We establish a feature plane consisting of a 3rd-order and 4th-order central moment, fusing the statistical features of three VH, VV, and HH polarimetric echoes to distinguish between pedestrians and non-motor targets.

4. Field Experiment

4.1. Radar Data Processing Flow

The moving target detection experiments were carried out; the developed L-band fully polarimetric radar was used to detect two types of moving targets, pedestrian and non-motor vehicle, and the proposed feature extraction method was applied to extract the statistical features of the two types of targets, respectively. It is noted that the non-motor vehicle target was a person pushing a bicycle during the detection experiment.
Figure 8 is the scene of the detection experiment. The L-band fully polarimetric radar was installed in building 1, with a height of 20 m above the ground, and the moving target to be detected was located between building II and the iron fence. The beam width of the antenna in the pitch direction was 26°, and the beam width of the antenna in the azimuth direction was 30°, covering 35–300 m in the range direction. The active area of the moving target was within the detection range of the radar, as illustrated in Figure 8a,b. Figure 8c is the schematic diagram of the moving target’s range of motion and trajectory, as labelled by a red arrow. Figure 8c also demonstrates the motion process of two types of targets: pedestrian and non-motor vehicle. Both types of target move back and forth, and walk along the same straight line from the starting point to the end point.

4.2. Experiment Results

The L-band fully polarimetric radar data were collected during the movement of the two types of target, and the VH, VV, and HH radar data were processed, as described in Section 3. The experimental results of the pedestrian and non-vehicle are given below.

4.2.1. Detection Results for the Pedestrian

For the L-band fully polarimetric radar, the VH, VV, and HH radar echo are obtained as in Section 3.1. After orthogonal demodulation and pulse compression, the 2D range profiles for the pedestrian is given in Figure 9a. The trajectory of the pedestrian cannot be directly observed because there are multiple bright bars, which are caused by the strong scatters (such as a stationary car and an iron fence) in the detection scene. The background echoes are eliminated, as described in Section 3.2, and the outputs are listed in Figure 9b. It shows that the straight back and forth movement of the pedestrian is clear, which is consistent with the real trajectory.
Then, given the length of the sliding window, 22.5 m × 32 s, and that the sliding step was 0.04 s, the probability density curve of the echo intensity of the pedestrian inside the sliding window is estimated according to the method in Section 3.3. Figure 10 shows the sliding window and the 1000 probability density curves in 1000 windows for the pedestrian. The results indicate that there is no significant difference in the probability density curves of the intensity radar echo signal in the three different polarization modes.

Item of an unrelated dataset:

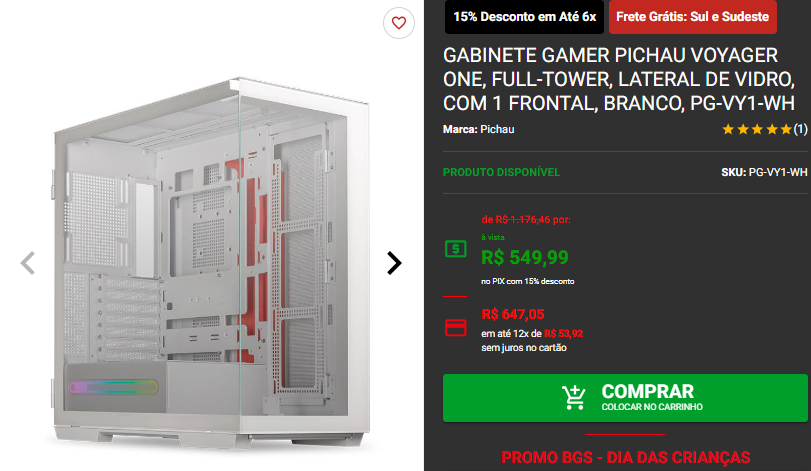 Gabinete Gamer Pichau: 3 opções para aproveitar a Promo BGS 4 Gabinete Gamer Pichau: 3 opções para aproveitar a Promo BGS Captura de tela 2024 09 30 170118.png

Finally, the 3rd- and 4th-order moments of the intensity of the radar echo in the VV, VH, HH polarization modes are calculated, according to Section 3.4. A feature plane, consisting of the 3rd-order and 4th-order central moment is created, and the statistical features of the three VH, VV, and HH echoes are fused, as illustrated in Figure 11, indicating that there is an overlap region in the distribution of the statistical features of the echo signals of the three polarization modes.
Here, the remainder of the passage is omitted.